"Should we fine-tune?" is the most common question we get on a new agent project, and it is usually the wrong first question. Most teams reach for fine-tuning when what they actually need is retrieval. Here is the decision tree we run before writing a line of code.
What each one actually changes
Retrieval-augmented generation (RAG) changes what the model knows at answer time. You keep a knowledge base, fetch the relevant pieces for a given question, and put them in the prompt with citations. Fine-tuning changes how the model behaves — its format, tone, or a narrow skill — by adjusting weights on examples.
The confusion comes from treating them as substitutes. They are not. They solve different problems, and on most agent projects you want RAG first and fine-tuning rarely.
The decision tree
- Does the answer depend on facts that change? Pricing, inventory, a policy document, a customer's record — anything that updates. → RAG. Retrain-on-every-change is not a strategy.
- Do you need citations or traceability? Regulated workflows, support, anything auditable. → RAG. Fine-tuning bakes knowledge in with no source to point at.

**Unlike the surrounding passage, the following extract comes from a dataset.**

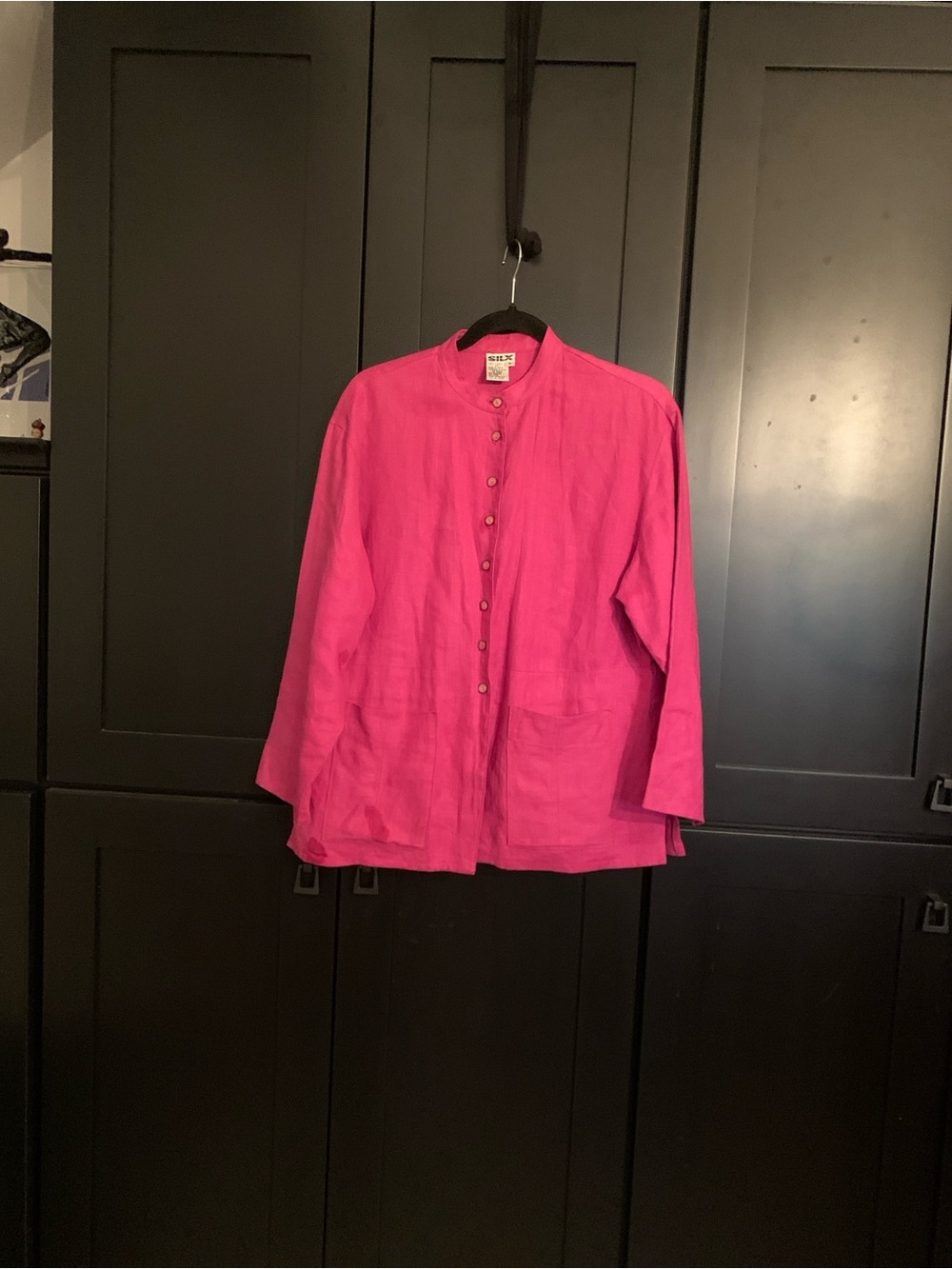 Women's Fuchsia Button-Front Linen Jacket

- Is the problem about format or behavior, not facts? "Always return this JSON shape," "match this house style." → fine-tuning is reasonable, once prompting plateaus.
- Is latency or cost from long prompts the bottleneck, and the knowledge is stable? → fine-tuning can help by moving stable knowledge into weights. Measure first.

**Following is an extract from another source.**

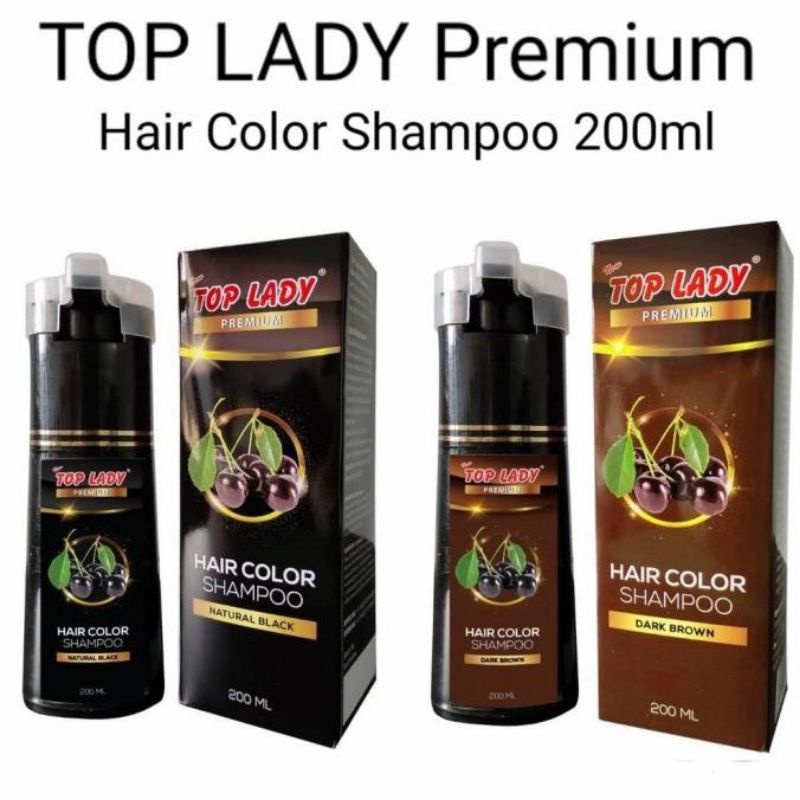 [200ml] Top Lady Premium Hair Color Shampoo | Shampo Natural Black | Dark Brown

Why retrieval wins more often
If the knowledge changes, retrieval is the only honest answer. A model fine-tuned on last quarter's policy will confidently cite a rule that no longer exists.
A retrieval pipeline is also inspectable. When an agent answers wrong, you can look at exactly which chunks it retrieved and fix the index, the chunking, or the ranking — a normal engineering loop. A fine-tune that answers wrong is a black box and a retraining cycle.
Here is the shape of a retrieval step inside a plan, with the sources it grounded on:
$ bytevon plan step --name answer-policy-question
retrieve: k=6 store=standards-index
grounded: 3 chunks · cited · doc-rev tracked
◉ answer returned with citations · 0 ungrounded claims
Where they combine
The strong pattern on serious projects: RAG for knowledge, light fine-tuning (or just good prompting) for behavior. Retrieve the facts; shape the output with a small amount of format tuning if prompting alone cannot get there. Start with retrieval, measure, and only reach for weights when you can name the specific behavior you cannot get any other way.